_Work to be completed_
In the listing below, print exactly the lines between the line holding "Black alarm clock" and the line holding "Photovoltaik Ingenieure Arbeit", inclusive, and no more.
--- Entries provided Enclosed Below ---
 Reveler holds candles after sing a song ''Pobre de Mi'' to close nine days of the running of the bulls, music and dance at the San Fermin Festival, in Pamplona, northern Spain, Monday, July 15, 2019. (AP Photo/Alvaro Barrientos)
--- End of Enclosed Entries provided ---
--- Entries provided Enclosed Below ---
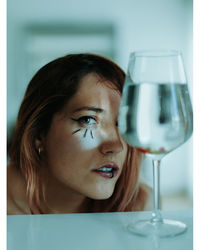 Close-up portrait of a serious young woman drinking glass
--- End of Enclosed Entries provided ---
--- Entries provided Enclosed Below ---
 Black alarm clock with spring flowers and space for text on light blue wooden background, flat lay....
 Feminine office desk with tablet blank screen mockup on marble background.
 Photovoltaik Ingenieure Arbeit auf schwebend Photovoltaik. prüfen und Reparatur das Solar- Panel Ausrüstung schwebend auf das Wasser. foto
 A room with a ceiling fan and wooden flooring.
--- End of Enclosed Entries provided ---
_Answer box_
 Black alarm clock with spring flowers and space for text on light blue wooden background, flat lay....
 Feminine office desk with tablet blank screen mockup on marble background.
 Photovoltaik Ingenieure Arbeit auf schwebend Photovoltaik. prüfen und Reparatur das Solar- Panel Ausrüstung schwebend auf das Wasser. foto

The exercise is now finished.